I am using a global std::shared_ptr to handle automatic deletion of my Vulkan VkInstance. The pointer has a custom deleter that calls vkDestroyInstance when it goes out of scope. Everything works as expected until I enable the VK_LAYER_LUNARG_standard_validation layer at which point the vkDestroyInstance function causes a segfault.

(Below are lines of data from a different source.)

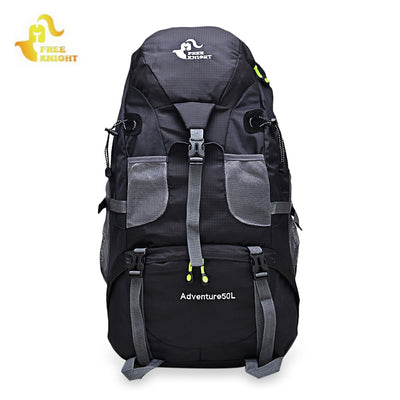 This backpack is made of waterproof nylon fabric that is breathable and wear resistant.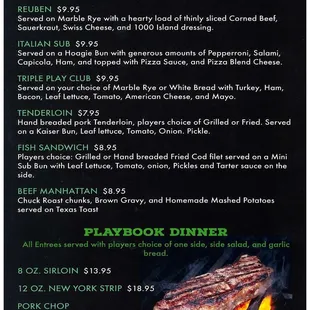 ribs, menu
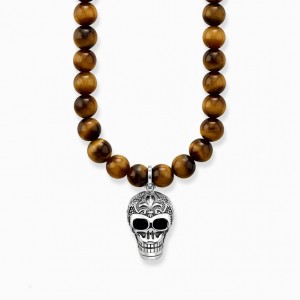 Thomas Sabo Necklace Maori Skull Nahrdelnik Damske Strieborne | SK-94JXLGQOH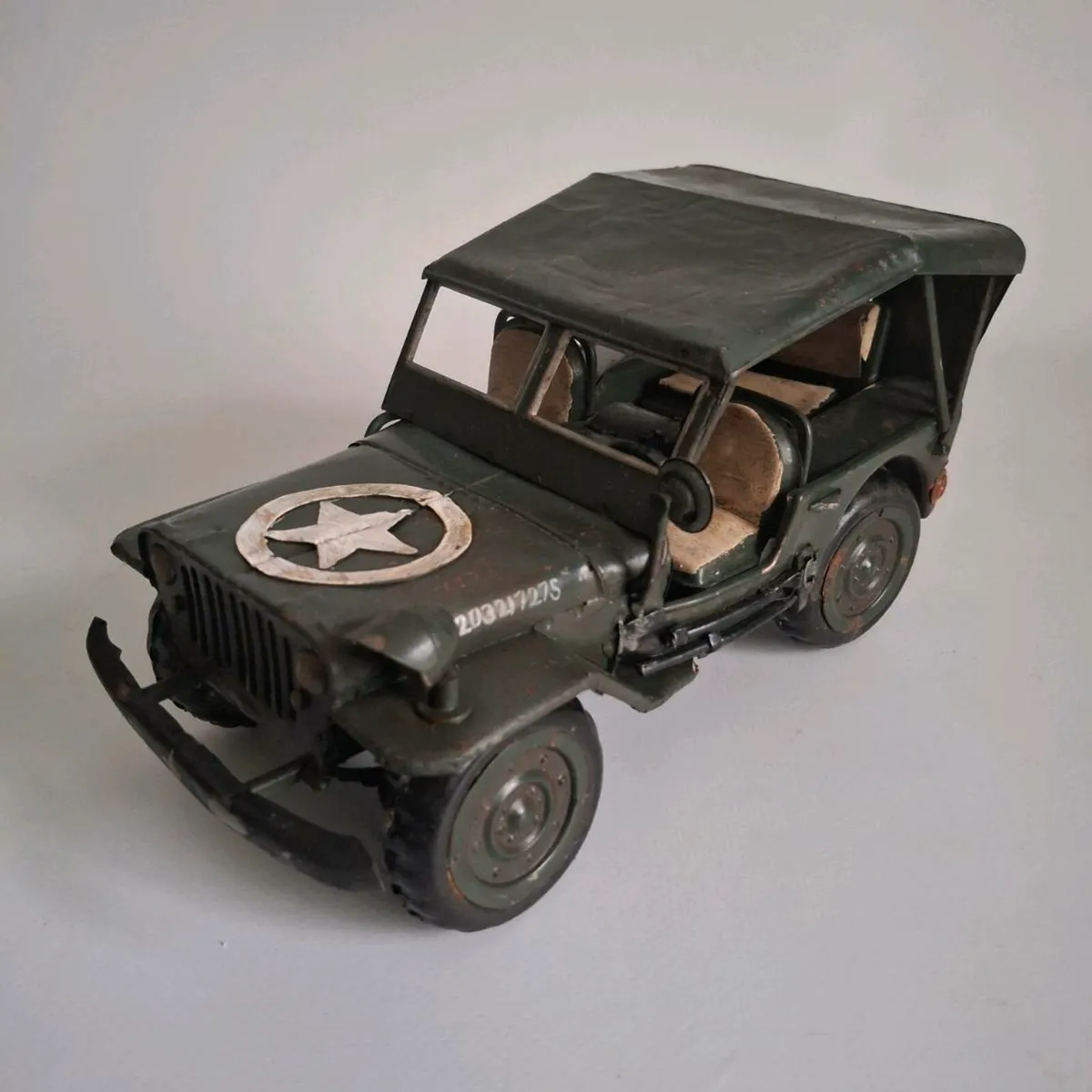 Tinplate US Willy's Jeep - Image 1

I have added a minimal example below that produces the issue.
minimal.cpp
#include <vulkan/vulkan.h>
#include <iostream>
#include <memory>
#include <vector>
#include <cstdlib>
// The global self deleting instance
std::shared_ptr<VkInstance> instance;
int main()
{
std::vector<const char *> extensions = {VK_EXT_DEBUG_REPORT_EXTENSION_NAME};
std::vector<const char *> layers = {};
// Uncomment to cause segfault:
// layers.emplace_back("VK_LAYER_LUNARG_standard_validation");
VkApplicationInfo app_info = {};
app_info.sType = VK_STRUCTURE_TYPE_APPLICATION_INFO;
app_info.pApplicationName = "Wat";
app_info.applicationVersion = VK_MAKE_VERSION(1, 0, 0);
app_info.pEngineName = "No Engine";
app_info.engineVersion = VK_MAKE_VERSION(1, 0, 0);
app_info.apiVersion = VK_API_VERSION_1_0;
VkInstanceCreateInfo instance_info = {};
instance_info.sType = VK_STRUCTURE_TYPE_INSTANCE_CREATE_INFO;
instance_info.pApplicationInfo = &app_info;
instance_info.enabledExtensionCount =
static_cast<uint32_t>(extensions.size());
instance_info.ppEnabledExtensionNames = extensions.data();
instance_info.enabledLayerCount = static_cast<uint32_t>(layers.size());
instance_info.ppEnabledLayerNames = layers.data();
// Handles auto deletion of the instance when it goes out of scope
auto deleter = [](VkInstance *pInstance)
{
if (*pInstance)
{
vkDestroyInstance(*pInstance, nullptr);
std::cout << "Deleted instance" << std::endl;
}
delete pInstance;
};
instance = std::shared_ptr<VkInstance>(new VkInstance(nullptr), deleter);
if (vkCreateInstance(&instance_info, nullptr, instance.get()) != VK_SUCCESS)
{
std::cerr << "Failed to create a Vulkan instance" << std::endl;
return EXIT_FAILURE;
}
std::cout << "Created instance" << std::endl;
// When the program exits, everything should clean up nicely?
return EXIT_SUCCESS;
}
When running the above program as is, the output is what I would expect:
$ g++-7 -std=c++14 minimal.cpp -isystem $VULKAN_SDK/include -L$VULKAN_SDK/lib -lvulkan -o minimal
$ ./minimal
Created instance
Deleted instance
$
However as soon as I add back the VK_LAYER_LUNARG_standard_validation line:
// Uncomment to cause segfault:
layers.emplace_back("VK_LAYER_LUNARG_standard_validation");
I get
$ g++-7 -std=c++14 minimal.cpp -isystem $VULKAN_SDK/include -L$VULKAN_SDK/lib -lvulkan -o minimal
$ ./minimal
Created instance
Segmentation fault (core dumped)
$
When run with gdb the backtrace shows the segfault occurring in the VkDeleteInstance function:
$ g++-7 -std=c++14 -g minimal.cpp -isystem $VULKAN_SDK/include -L$VULKAN_SDK/lib -lvulkan -o minimal
$ gdb -ex run ./minimal
GNU gdb (Ubuntu 7.11.1-0ubuntu1~16.5) 7.11.1
...
Starting program: /my/path/stackoverflow/vulkan/minimal
[Thread debugging using libthread_db enabled]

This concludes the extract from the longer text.